Both guests had been involved in efforts by previous presidential administrations to reform government – Kamarck led the National Partnership for Reinventing Government, launched by the Clinton Administration in the 1990s, and Capretta served as an associate director of the White House Office of Management and Budget in the George W. Bush Administration – and shared their perspective on how those efforts compare to DOGE’s approach.
The conversation quickly turned to limitations of the often-cited goal of running government like a business. The guests acknowledged certain business principles can be useful when the government oversees similar processes – for example, learning from Disney about line management, and how that could be applied to passport and social security offices – but warned the comparison has limits.
“Where the differences come in is in the end purpose – business doesn’t have to be stable in the way that government does,” Kamarck noted. “You take away people’s Medicare and they can’t get life-saving medicines. You take away people’s Social Security or screw it up and people can’t buy food or pay the rent…Government deals with life and death situations, and business simply doesn’t.”
Capretta generally agreed, noting the private sector operates in “a completely different way of thinking” from the government.
“I used to say government was the only place where if things are going badly, the agency will come in and say, ‘Well, we need more money.’ And then if things are going well, they come in and say, ‘We deserve more money,’” he explained. “So, it was always a one-way street. There was never an easy way to say, if it’s not working, let’s take the money away…If there’s a business unit that’s failing and losing money, you cut it loose, but you can’t really do that in the government, at least not for the really critical missions.”
“The problem is big spending programs”
How much of an impact will cutting the federal civilian workforce have on the deficit? “Its not going to make a dent…it’s symbolic,” Capretta said. “The problem is big spending programs, benefit programs going to the American public, and a mismatch between the costs of those programs and the taxes we’ve been willing to pay.”
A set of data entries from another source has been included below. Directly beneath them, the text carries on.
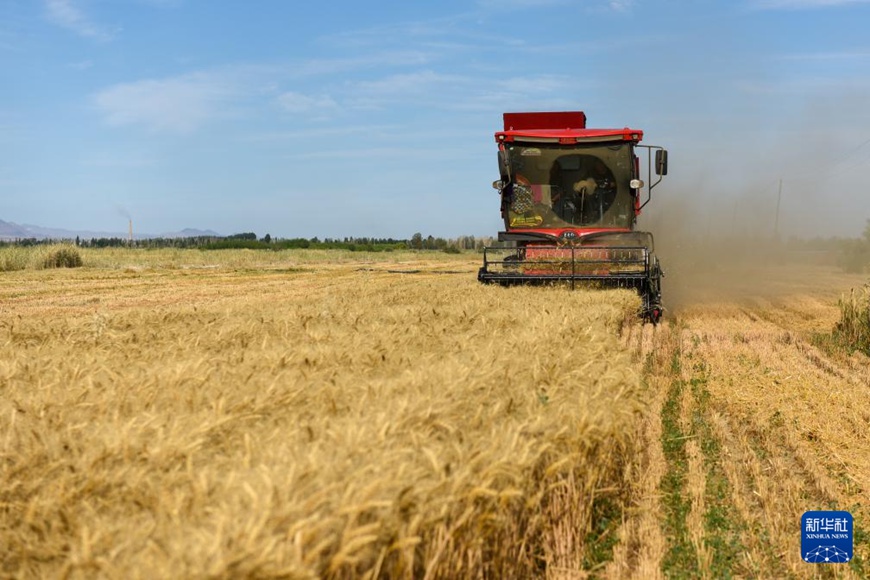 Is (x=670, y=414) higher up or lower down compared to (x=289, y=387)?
lower down

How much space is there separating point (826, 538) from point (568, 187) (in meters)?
10.3

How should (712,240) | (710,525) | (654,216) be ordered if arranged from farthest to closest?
(712,240)
(654,216)
(710,525)

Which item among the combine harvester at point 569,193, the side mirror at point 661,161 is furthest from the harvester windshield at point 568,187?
the side mirror at point 661,161

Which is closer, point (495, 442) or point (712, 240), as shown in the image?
point (495, 442)

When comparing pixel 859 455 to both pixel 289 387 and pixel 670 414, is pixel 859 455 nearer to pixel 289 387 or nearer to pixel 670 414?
pixel 670 414

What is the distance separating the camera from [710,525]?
5180 millimetres

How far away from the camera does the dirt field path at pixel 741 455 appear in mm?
4773

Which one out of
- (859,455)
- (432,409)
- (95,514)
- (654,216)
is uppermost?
(654,216)

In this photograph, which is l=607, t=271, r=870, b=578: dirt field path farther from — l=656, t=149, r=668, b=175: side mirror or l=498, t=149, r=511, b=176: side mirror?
l=498, t=149, r=511, b=176: side mirror

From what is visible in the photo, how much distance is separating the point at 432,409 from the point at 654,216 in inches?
893

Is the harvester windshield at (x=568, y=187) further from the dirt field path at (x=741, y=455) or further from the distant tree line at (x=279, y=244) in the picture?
the distant tree line at (x=279, y=244)

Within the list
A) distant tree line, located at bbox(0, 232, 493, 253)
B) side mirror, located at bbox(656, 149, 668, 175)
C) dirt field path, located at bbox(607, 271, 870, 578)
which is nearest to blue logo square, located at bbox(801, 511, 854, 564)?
dirt field path, located at bbox(607, 271, 870, 578)

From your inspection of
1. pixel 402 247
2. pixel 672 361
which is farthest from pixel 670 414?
pixel 402 247

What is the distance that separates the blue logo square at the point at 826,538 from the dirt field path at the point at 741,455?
0.21 ft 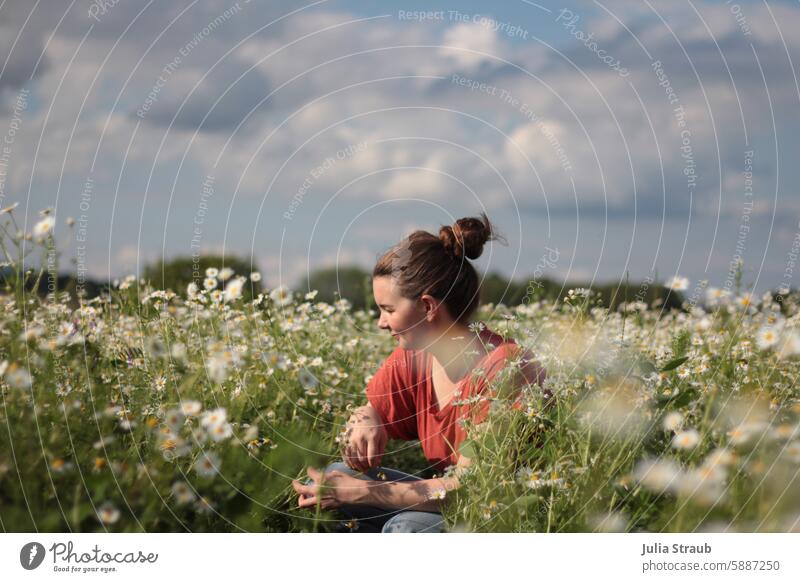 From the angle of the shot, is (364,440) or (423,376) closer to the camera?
(364,440)

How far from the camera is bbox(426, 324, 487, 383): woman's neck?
114 inches

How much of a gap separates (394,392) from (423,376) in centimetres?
13

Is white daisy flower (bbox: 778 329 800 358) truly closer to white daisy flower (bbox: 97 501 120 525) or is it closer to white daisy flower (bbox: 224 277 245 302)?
white daisy flower (bbox: 224 277 245 302)

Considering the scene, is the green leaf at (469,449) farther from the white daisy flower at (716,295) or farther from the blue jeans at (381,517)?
the white daisy flower at (716,295)

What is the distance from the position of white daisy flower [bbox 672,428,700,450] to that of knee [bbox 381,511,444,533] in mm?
791

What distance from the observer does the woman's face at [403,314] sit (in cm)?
288

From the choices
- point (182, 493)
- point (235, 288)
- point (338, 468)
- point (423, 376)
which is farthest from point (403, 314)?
point (235, 288)

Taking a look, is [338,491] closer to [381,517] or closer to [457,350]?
[381,517]

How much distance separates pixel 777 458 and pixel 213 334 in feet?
7.28

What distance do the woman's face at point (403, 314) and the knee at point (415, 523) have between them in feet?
1.94

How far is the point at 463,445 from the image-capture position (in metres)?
2.64

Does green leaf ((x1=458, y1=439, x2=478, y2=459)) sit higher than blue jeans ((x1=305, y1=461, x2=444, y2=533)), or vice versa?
green leaf ((x1=458, y1=439, x2=478, y2=459))

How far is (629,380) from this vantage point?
2705 mm

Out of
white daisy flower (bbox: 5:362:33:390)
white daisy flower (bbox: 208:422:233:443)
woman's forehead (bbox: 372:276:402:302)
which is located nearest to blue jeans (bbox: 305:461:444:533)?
white daisy flower (bbox: 208:422:233:443)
Not every worthwhile effort to make government work better – such as reforming the FAA – will save money, Kamarck noted. “The only way you save money is you revamp the benefit programs, and nobody’s had the political guts to do that,” she said. One example she did point to as a potential path forward was the bipartisan 1983 social security reforms signed by President Reagan, where the major changes took place “so far in the future,” with little impact on current beneficiaries.
“There are ways this could be a breakthrough moment”
One area that both guests agreed an effort like DOGE could really make a difference: reforming the government’s information technology systems.
“Programming and IT investments in the federal government is not the government’s strong suit. There have been epic failures in the government on that score for decades,” Capretta said. “Having a unit that came in and said, ‘Let’s rework how the IRS does business, and think big, and we’re going to redo all of this IT in a big fundamental way.’ There’s nothing wrong with that. In fact, I think the public would love it…I think there are ways that this could be a breakthrough moment, but the destruction and disruption is making it hard to see how they get to that point.”
“[O]ne great good Elon Musk can do for the federal government is to bring some of these top-notch software engineers into the government to look at the legacy systems that are the information technology systems, which the government is never able to fix because we can never hire people at the salaries that you’re needed,” Kamarck added.